Au-delà de ces figures féminines, les antiennes de la messe invitent à nous laisser généreusement aller à la componction – la tristesse d’avoir offensé Dieu par nos fautes. Ne perdons pas de vue que le renoncement le plus essentiel est le renoncement au péché. Dom Marmion établit cette doctrine en des termes nets. Ecoutons-le dans une lettre écrite à une de ses Philotée :
« Vous devez être persuadée que votre passé de péché n’est pas du tout un obstacle à une union très intime avec Dieu. Dieu pardonne, et son pardon est divin. Avec les anges, Dieu n’a pas été miséricordieux, parce qu’ils n’ont pas de misères. Avec nous, qui sommes remplis de misères, Dieu est infiniment miséricordieux.
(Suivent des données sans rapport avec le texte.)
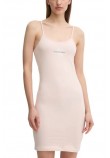 CALVIN KLEIN JEANS MONOLOGO STRAPPY DRESS ΦΟΡΕΜΑ ΓΥΝΑΙΚΕΙΟ PEONY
Ce qui vous manque, ce qui laisse à votre vie spirituelle un peu de légèreté, de défaut d’équilibre et de stabilité, c’est que vous n’avez pas assez pratiqué la vertu de pénitence. La confession remet tous les péchés, mais il reste dans l’âme comme des cicatrices du péché, qu’une habitude contraire doit faire disparaître : la vertu de componction.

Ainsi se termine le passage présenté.